Current and deferred tax are recognised in profit or loss, except when they
relate to items that are recognised in other comprehensive income or directly
in equity, in which case, the current and deferred tax are also recognised in
other comprehensive income or directly in equity respectively.

2.4 Cash and cash equivalents

Cash and cash equivalents comprise cash on hand and demand deposits, together
with other short-term, highly liquid investments maturing within 90 days from
the date of acquisition that are readily convertible into known amounts of
cash and which are subject to an insignificant risk of changes in value.

2.5 Financial instruments

Financial assets and financial liabilities are recognised when an entity
becomes a party to the contractual provisions of the instruments.

Financial assets and financial liabilities are initially measured at fair
value.
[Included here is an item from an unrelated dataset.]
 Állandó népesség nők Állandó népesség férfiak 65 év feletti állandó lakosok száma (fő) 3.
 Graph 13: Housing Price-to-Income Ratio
Transaction costs that are directly attributable to the acquisition or
issue of financial assets and financial liabilities (other than financial
assets and financial liabilities at fair value through profit or loss) are
added to or deducted from the fair value of the financial assets or financial
liabilities, as appropriate, on initial recognition. Transaction costs
directly attributable to the acquisition of financial assets or financial
liabilities at fair value through profit or loss are recognised immediately in
profit or loss.

Financial liabilities including trade and other payables are non-interest
bearing and carried at the original invoice amount. Trade payables represent
obligations to pay for services that have been provided in the ordinary course
of business. All financial liabilities approximate to fair value due to the
short-term nature of the financial instruments.
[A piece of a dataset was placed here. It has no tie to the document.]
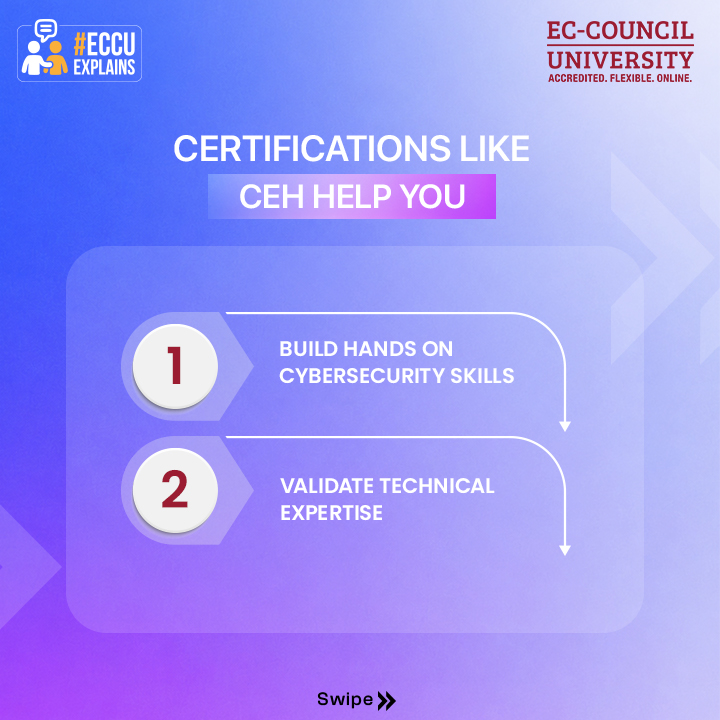 EC_Council_Univ's tweet photo. Whether you're starting with certifications or aiming for a cybersecurity degree, explore EC-Council University's programs here: https://t.co/TjG6B887ts

CEH or a cybersecurity degree?
The better question is: When do you need each?

#ECCU #CyberSecurity #CEH #CyberSecurityDegree https://t.co/nU18NJbite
Financial liabilities that are non-current and do not carry interest are
recognised at their fair value. Initially this is measured as the present
value of all future cash flows, discounted using the prevailing market
interest rates for a comparable instrument with a similar credit rating. For
shareholder loans, the difference between the cash received and the present
value is treated as a capital contribution and recorded in equity.
Subsequently the changes in fair value at each reporting date are recognised
in the statement of comprehensive income.

2.6 Share Capital and Share Premium

Ordinary shares are classified as equity and are carried at par value. Share
premium represents the excess money received for issued shares above the par
value, net of transaction costs.

2.7 Accumulated Deficit

Accumulated deficit is classified as equity and represents the accumulated
trading losses of the Company.

2.8 Share-based payments

The Company has issued warrants to initial investors and certain
counterparties and advisers.

Equity-settled share-based payments are measured at fair value (excluding the
effect of non-market-based vesting conditions) at the date of the grant,
equating to the end date the Company and counterparty had a shared
understanding of the terms and conditions of the agreement. The fair value so
determined is expensed on a straight-line basis over the vesting period, based
on the Company's estimate of the number of shares that will eventually vest
and adjusted for the effect of non-market-based vesting conditions.
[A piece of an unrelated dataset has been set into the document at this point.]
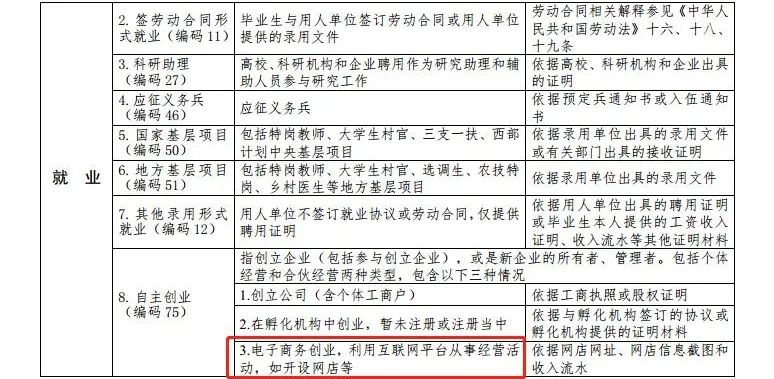 电竞算工作吗_电竞工作知乎_电竞工作工资高吗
2.9 Recently released Standards / Interpretations

The Company has resolved not to early adopt new or revised standards and
interpretations with an effective date after the date of these financial
statements. The Company intends to adopt these standards as soon as they
become effective.

The Company has applied the following amendments for the first time for their
annual reporting period commencing 01 January 2025:

· Lack of Exchangeability - Amendments to IAS 21 The Effects of Changes in
Foreign Exchange Rates

The Directors do not anticipate that the adoption of these new or revised
standards and interpretations will have a material impact on the Company's
financial statements in the period of initial application.

The following new standards, amendments to standards, and interpretations have
been issued, but are not effective for the reporting period commencing 01
January 2025 and have not been early adopted:

· 01 January 2026 - (Amendments to IFRS9 and IFRS 7) Amendments to
classification and measurement requirements for financial instruments

· 01 January 2027 - IFRS18 Presentation and Disclosure in Financial
Statements

· 01 January 2027 - (IFRS 19) Subsidiaries without Public Accountability:
Disclosures

The Directors do not believe the new and amended standards will have a
material effect on the Company.

2.10 Segmental reporting

As the Company operates as a single business unit with no activities that are
distinct reportable segments, then IFRS 8's segment reporting requirements do
not apply.

3. Auditor's remuneration

During the year, the Company obtained the following services from the
Company's auditors:

                                                                        Year ended 31 December  Year ended 31 December
                                                                        2025 (£)                2024 (£)
 Fees payable to the Company's auditors for the audit of the Company's  25,000                  24,000
 financial statements.

The auditor provided no non-audit services during the year or prior period.

4. Employee benefit expenses

                                                            Year ended 31 December  Year ended 31 December
                                                            2025 (£)                2024 (£)
 Employee benefit expenses (including directors) comprise:
 Wages and salaries                                         18,000                  18,000
 National insurance                                         1,769                   1,019

                                                            19,769                  19,019

Key management personnel are those persons having authority and responsibility
for planning, directing and controlling the activities of the Company,
including the Directors of the Company listed on page 6.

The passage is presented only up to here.